• **Caption-style text data**
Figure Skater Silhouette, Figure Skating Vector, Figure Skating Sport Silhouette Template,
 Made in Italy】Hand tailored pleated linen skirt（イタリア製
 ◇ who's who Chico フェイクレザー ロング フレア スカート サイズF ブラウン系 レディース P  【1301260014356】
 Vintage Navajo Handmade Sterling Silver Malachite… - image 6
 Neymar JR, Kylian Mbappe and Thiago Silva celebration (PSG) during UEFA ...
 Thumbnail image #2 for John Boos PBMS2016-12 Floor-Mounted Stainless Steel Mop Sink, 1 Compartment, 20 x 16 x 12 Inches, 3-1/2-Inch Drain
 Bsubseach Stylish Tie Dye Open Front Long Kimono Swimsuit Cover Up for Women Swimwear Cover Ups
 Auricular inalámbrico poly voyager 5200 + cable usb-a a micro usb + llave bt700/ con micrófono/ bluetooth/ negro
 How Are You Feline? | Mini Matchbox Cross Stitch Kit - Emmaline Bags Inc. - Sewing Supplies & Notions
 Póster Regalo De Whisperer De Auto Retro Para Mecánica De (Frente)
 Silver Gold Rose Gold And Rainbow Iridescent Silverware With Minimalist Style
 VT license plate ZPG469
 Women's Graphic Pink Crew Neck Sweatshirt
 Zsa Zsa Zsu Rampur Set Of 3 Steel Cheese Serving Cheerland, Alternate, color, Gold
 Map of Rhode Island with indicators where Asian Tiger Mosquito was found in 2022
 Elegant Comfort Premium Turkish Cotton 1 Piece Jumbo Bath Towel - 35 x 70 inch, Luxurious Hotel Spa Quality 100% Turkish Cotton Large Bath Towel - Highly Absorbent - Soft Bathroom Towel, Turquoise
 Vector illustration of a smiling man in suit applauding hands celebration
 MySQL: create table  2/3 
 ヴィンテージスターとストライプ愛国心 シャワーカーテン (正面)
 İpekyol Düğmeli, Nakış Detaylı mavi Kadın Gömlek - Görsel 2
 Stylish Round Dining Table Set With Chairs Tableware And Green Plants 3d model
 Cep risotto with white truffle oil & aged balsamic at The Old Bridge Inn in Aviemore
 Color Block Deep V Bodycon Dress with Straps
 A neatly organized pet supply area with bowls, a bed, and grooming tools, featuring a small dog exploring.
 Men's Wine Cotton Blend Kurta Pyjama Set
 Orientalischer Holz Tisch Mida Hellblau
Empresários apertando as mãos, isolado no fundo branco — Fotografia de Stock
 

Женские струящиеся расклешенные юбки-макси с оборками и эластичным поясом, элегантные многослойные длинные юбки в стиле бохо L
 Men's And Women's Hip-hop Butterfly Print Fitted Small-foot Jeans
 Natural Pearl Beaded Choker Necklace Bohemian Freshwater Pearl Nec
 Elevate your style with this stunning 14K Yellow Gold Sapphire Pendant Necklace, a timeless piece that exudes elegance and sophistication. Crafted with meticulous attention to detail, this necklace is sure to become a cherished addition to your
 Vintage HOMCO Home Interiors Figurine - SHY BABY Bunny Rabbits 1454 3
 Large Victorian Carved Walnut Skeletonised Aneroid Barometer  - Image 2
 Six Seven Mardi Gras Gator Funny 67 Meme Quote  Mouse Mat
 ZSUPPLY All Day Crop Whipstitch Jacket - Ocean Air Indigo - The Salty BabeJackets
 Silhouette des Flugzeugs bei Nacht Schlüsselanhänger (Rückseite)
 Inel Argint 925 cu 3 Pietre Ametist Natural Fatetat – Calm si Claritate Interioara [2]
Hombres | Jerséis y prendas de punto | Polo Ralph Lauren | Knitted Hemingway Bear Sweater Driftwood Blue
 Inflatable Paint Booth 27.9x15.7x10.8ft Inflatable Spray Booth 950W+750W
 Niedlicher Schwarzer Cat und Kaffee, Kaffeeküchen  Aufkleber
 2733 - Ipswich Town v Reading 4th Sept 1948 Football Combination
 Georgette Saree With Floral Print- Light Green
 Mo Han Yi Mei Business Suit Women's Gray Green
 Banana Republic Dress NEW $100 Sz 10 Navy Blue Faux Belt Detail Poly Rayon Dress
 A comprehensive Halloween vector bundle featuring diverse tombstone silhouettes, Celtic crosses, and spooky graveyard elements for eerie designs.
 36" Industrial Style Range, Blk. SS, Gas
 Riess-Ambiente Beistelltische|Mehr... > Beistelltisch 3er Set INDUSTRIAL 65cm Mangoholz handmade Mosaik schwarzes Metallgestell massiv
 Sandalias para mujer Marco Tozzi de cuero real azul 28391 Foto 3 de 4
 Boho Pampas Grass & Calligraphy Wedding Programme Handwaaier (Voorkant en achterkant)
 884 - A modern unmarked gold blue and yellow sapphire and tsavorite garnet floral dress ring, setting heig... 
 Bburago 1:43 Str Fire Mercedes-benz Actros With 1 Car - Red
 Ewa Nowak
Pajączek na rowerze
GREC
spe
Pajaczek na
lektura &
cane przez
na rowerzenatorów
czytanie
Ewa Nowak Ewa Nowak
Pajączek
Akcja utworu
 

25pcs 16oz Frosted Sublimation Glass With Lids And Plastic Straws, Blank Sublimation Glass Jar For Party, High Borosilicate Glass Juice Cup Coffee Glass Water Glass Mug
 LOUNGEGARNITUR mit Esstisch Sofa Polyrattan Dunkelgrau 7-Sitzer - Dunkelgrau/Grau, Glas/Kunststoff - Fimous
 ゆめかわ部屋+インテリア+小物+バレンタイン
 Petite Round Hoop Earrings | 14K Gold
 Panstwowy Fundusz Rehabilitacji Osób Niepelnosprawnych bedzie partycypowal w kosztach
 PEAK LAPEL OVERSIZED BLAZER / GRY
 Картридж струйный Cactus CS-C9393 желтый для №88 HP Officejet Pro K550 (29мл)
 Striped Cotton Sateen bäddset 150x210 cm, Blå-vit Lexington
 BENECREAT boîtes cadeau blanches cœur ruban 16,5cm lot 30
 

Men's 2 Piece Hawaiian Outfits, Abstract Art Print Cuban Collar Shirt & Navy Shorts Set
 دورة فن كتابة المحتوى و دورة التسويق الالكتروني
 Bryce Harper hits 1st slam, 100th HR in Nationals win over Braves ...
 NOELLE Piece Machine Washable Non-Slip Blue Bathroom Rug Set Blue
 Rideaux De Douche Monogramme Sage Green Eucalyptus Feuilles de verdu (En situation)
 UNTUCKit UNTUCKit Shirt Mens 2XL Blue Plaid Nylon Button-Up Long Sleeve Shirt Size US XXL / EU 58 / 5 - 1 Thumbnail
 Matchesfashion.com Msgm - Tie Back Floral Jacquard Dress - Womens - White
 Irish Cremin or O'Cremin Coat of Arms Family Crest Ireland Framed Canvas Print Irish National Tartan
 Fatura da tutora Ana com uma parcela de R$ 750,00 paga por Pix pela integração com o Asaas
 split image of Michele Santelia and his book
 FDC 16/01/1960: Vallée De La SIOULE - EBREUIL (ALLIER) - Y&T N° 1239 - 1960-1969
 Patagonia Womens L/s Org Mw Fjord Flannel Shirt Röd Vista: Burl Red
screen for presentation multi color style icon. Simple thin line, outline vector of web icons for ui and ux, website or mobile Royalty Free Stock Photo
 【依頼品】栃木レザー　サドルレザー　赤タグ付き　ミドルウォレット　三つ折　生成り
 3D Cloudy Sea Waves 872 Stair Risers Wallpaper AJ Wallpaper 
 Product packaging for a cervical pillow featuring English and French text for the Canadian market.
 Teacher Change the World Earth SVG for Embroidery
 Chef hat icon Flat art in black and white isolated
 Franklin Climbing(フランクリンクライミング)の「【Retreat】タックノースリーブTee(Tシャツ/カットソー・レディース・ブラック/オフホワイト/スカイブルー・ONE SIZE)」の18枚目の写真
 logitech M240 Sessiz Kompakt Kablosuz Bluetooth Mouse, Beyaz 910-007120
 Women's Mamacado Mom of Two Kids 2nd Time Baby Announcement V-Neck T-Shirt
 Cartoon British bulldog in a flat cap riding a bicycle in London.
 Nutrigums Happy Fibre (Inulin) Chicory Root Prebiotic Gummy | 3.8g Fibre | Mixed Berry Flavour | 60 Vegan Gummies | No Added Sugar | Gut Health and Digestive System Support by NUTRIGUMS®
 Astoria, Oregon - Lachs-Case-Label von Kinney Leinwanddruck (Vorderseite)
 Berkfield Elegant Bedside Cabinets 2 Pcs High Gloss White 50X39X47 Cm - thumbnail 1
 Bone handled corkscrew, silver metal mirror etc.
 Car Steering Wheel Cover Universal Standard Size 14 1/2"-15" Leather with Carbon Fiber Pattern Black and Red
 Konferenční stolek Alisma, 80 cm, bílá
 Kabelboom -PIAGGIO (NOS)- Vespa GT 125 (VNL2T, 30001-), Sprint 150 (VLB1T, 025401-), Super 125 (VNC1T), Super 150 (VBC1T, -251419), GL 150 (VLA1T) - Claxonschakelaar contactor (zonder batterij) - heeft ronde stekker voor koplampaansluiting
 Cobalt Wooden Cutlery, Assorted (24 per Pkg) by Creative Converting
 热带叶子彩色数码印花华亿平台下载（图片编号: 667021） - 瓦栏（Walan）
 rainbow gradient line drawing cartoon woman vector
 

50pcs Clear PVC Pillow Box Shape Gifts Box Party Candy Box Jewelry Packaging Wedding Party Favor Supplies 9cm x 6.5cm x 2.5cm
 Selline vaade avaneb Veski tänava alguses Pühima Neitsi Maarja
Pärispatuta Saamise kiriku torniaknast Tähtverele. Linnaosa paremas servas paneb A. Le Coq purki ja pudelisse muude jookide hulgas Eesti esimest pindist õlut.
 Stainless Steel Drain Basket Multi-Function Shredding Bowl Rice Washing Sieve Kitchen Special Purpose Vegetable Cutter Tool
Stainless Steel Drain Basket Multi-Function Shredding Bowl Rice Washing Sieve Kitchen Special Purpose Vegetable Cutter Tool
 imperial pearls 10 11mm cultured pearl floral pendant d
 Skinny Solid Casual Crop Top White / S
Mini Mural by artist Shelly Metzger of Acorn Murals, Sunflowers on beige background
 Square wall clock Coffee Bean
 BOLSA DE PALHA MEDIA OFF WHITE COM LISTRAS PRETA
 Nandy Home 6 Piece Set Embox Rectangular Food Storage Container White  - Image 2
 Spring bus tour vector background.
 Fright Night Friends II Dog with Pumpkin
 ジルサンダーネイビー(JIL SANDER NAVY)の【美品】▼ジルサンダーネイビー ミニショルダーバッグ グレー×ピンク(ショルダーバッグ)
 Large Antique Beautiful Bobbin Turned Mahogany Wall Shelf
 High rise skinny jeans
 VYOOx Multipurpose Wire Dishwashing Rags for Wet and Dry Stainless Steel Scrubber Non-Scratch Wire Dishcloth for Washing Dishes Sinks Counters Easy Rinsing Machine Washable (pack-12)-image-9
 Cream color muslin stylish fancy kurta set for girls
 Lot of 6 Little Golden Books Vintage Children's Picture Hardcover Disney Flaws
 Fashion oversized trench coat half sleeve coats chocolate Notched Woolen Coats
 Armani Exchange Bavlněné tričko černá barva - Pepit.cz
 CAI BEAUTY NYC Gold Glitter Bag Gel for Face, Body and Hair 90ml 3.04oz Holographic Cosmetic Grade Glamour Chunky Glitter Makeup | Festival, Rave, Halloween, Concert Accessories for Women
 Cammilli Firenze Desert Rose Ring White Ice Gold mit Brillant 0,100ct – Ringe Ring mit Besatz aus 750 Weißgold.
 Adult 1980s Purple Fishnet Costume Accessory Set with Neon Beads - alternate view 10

• **Work instruction**
Quote exactly the stretch of lines above that starts at the first one and ends at the line with "İpekyol Düğmeli, Nakış", and nothing beyond it.

• **Output for this exercise**
Figure Skater Silhouette, Figure Skating Vector, Figure Skating Sport Silhouette Template,
 Made in Italy】Hand tailored pleated linen skirt（イタリア製
 ◇ who's who Chico フェイクレザー ロング フレア スカート サイズF ブラウン系 レディース P  【1301260014356】
 Vintage Navajo Handmade Sterling Silver Malachite… - image 6
 Neymar JR, Kylian Mbappe and Thiago Silva celebration (PSG) during UEFA ...
 Thumbnail image #2 for John Boos PBMS2016-12 Floor-Mounted Stainless Steel Mop Sink, 1 Compartment, 20 x 16 x 12 Inches, 3-1/2-Inch Drain
 Bsubseach Stylish Tie Dye Open Front Long Kimono Swimsuit Cover Up for Women Swimwear Cover Ups
 Auricular inalámbrico poly voyager 5200 + cable usb-a a micro usb + llave bt700/ con micrófono/ bluetooth/ negro
 How Are You Feline? | Mini Matchbox Cross Stitch Kit - Emmaline Bags Inc. - Sewing Supplies & Notions
 Póster Regalo De Whisperer De Auto Retro Para Mecánica De (Frente)
 Silver Gold Rose Gold And Rainbow Iridescent Silverware With Minimalist Style
 VT license plate ZPG469
 Women's Graphic Pink Crew Neck Sweatshirt
 Zsa Zsa Zsu Rampur Set Of 3 Steel Cheese Serving Cheerland, Alternate, color, Gold
 Map of Rhode Island with indicators where Asian Tiger Mosquito was found in 2022
 Elegant Comfort Premium Turkish Cotton 1 Piece Jumbo Bath Towel - 35 x 70 inch, Luxurious Hotel Spa Quality 100% Turkish Cotton Large Bath Towel - Highly Absorbent - Soft Bathroom Towel, Turquoise
 Vector illustration of a smiling man in suit applauding hands celebration
 MySQL: create table  2/3 
 ヴィンテージスターとストライプ愛国心 シャワーカーテン (正面)
 İpekyol Düğmeli, Nakış Detaylı mavi Kadın Gömlek - Görsel 2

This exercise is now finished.